> Task requirements
When a line of the entries contains "Custom", please list that line.

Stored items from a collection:
════════════════

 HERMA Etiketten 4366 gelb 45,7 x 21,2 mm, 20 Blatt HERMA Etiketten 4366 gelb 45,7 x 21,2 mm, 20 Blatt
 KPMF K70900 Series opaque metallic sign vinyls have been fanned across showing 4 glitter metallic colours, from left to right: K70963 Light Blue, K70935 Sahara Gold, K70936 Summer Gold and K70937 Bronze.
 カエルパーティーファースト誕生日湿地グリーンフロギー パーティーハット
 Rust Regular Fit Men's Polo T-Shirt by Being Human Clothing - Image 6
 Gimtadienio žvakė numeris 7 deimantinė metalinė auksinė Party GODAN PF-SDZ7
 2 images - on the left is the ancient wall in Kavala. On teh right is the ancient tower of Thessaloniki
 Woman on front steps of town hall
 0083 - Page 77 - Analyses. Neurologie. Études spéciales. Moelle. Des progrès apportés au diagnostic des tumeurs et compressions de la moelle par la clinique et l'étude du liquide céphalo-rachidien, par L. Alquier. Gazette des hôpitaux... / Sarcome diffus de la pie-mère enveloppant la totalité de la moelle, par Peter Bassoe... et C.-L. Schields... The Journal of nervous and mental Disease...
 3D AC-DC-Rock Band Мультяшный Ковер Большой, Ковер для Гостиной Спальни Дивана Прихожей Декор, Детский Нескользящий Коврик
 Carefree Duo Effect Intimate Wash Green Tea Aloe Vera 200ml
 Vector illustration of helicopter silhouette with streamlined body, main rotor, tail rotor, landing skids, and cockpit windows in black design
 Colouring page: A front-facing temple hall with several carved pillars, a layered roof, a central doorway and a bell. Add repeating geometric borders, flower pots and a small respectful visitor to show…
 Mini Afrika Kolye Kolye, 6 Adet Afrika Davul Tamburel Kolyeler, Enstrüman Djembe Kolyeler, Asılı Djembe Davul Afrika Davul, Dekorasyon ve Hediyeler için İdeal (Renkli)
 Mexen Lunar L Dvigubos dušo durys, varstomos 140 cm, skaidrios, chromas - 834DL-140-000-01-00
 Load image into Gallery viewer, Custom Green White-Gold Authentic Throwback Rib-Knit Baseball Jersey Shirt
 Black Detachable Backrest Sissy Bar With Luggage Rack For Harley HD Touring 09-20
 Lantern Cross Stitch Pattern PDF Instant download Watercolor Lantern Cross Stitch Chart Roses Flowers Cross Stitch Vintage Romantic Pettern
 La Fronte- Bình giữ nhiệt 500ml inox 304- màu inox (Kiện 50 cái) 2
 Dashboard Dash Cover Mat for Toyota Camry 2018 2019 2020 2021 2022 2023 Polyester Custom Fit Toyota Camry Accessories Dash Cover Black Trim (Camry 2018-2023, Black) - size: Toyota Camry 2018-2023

════════════════

> Answer space
 Load image into Gallery viewer, Custom Green White-Gold Authentic Throwback Rib-Knit Baseball Jersey Shirt
 Dashboard Dash Cover Mat for Toyota Camry 2018 2019 2020 2021 2022 2023 Polyester Custom Fit Toyota Camry Accessories Dash Cover Black Trim (Camry 2018-2023, Black) - size: Toyota Camry 2018-2023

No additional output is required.